Hoping its okay to post since this is for spring 2017.. but we are currently planning to start in July. Trust me it would be sooner if I didn't care to be preggo on our vacation, but I am just eager to enjoy one more period of relaxation and peace with DH (I also would like to drink a little and enjoy some delicious seafood):happydance:


----------



## mandaa1220

KailaB24 said:


> Hoping its okay to post since this is for spring 2017.. but we are currently planning to start in July. Trust me it would be sooner if I didn't care to be preggo on our vacation, but I am just eager to enjoy one more period of relaxation and peace with DH (I also would like to drink a little and enjoy some delicious seafood):happydance:

I'm also June/July! I don't want a winter baby!!


----------



## sarine13

I would like to join! We have decided April 2017 :)


----------



## polkadotpixie

Please can you add me? We are WTT for #1 in March 2017? Thanks :)


----------



## Peonyrose

We are WTT for no.1 in April 2017. I am trying to get ultra organised and do lots of research. We haven't mentioned anything to anyone which is also quite hard as we are very excited! At least I can release here!


----------



## sarah34

So many people trying around the same time! Looking forward to see how everyone gets on! Xx


----------



## mandaa1220

Yes I'm super curious if it will be as quick as last time. We literally stopped preventing and I got a positive test within 3.5 weeks!


----------



## sarah34

mandaa1220 said:


> Yes I'm super curious if it will be as quick as last time.

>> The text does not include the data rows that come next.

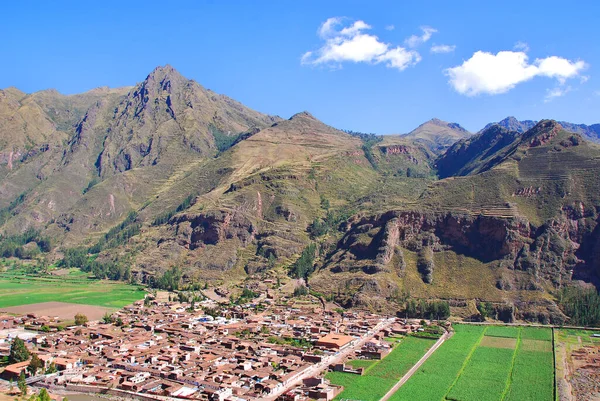 Peru Bir Vadinin Dibinde Küçük Bir Köy — Stok fotoğraf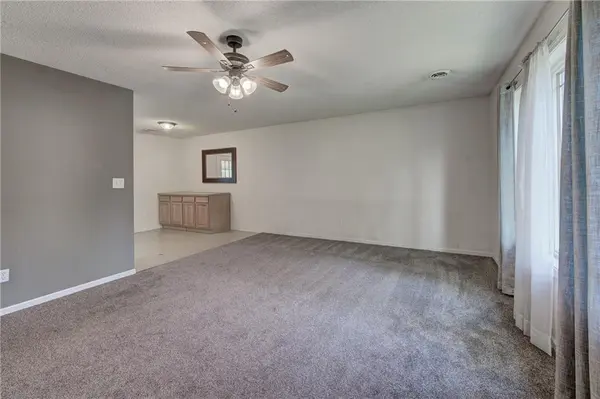2401 NE 58th TER, Kansas City, MO 64118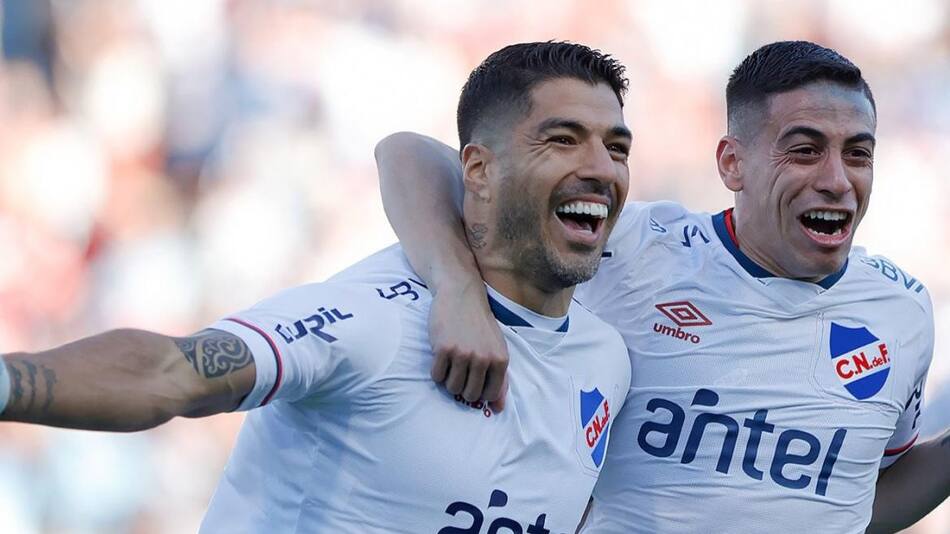Luis Suárez convirtió en el clásico uruguayo. Foto: Twitter @Nacional.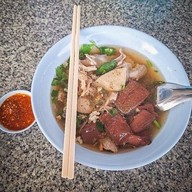 ต้มเลือดหมูนายแม็ค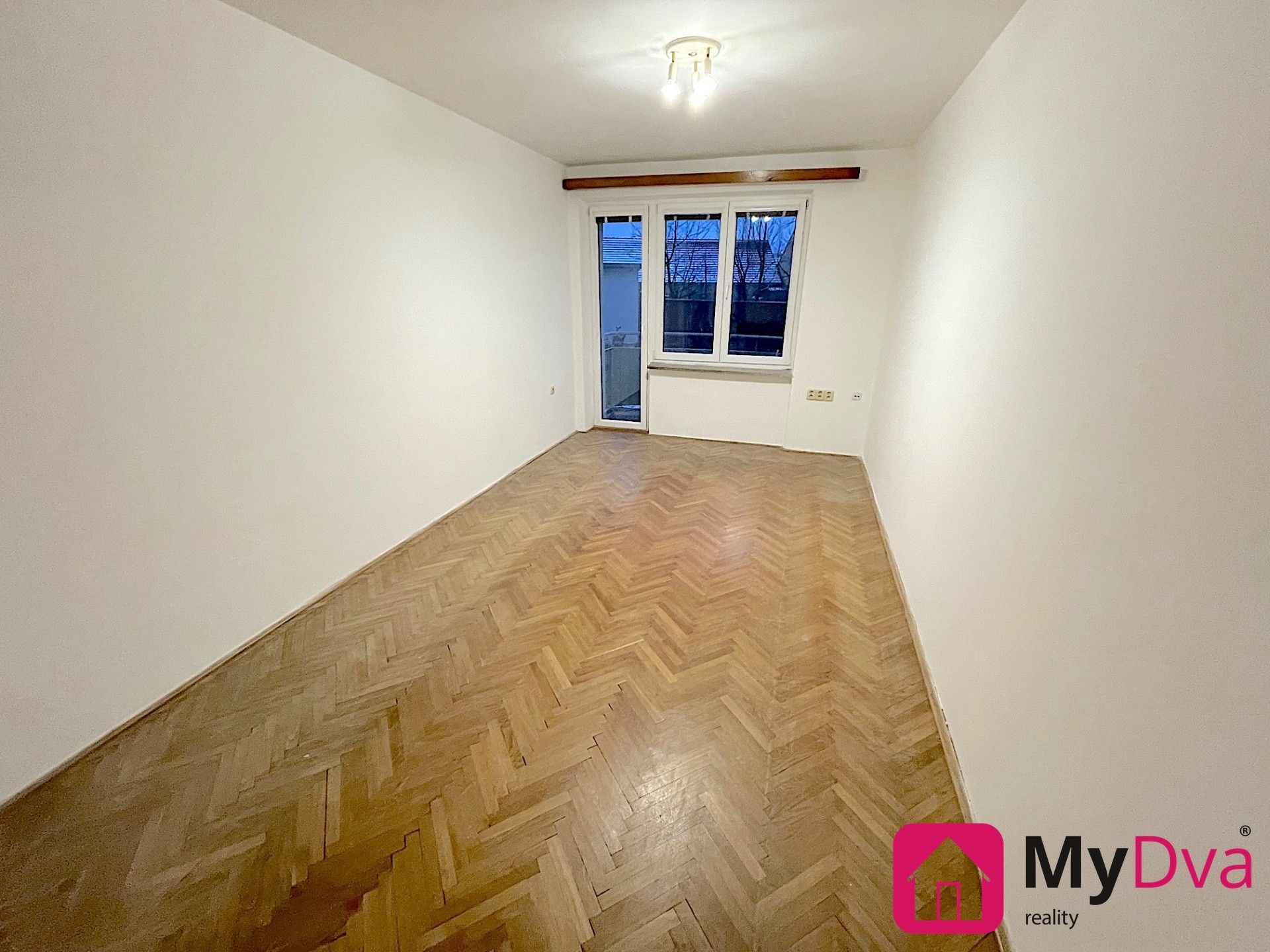 Pronájem bytu 3+1 74 m² - foto 7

We literally stopped preventing and I got a positive test within 3.5 weeks!

Wow that was super quick! I fell quickly last time too, around two months between stopping pill and getting my BFP. I don't think it will be that quick this time round though! Xx


----------



## mandaa1220

I didn't think it would be that quick last time! I figured we'd NTNP before our wedding to get a head start and BAM! I was 8 weeks pregnant at our wedding lol


----------



## MrsB17

Hi all! Can I come in? We're waiting to try, hoping to start around the end of April, start of May. I'm really excited and the wait is killing me!


----------



## Fluffycookie

MrsB17 said:


> Hi all! Can I come in? We're waiting to try, hoping to start around the end of April, start of May. I'm really excited and the wait is killing me!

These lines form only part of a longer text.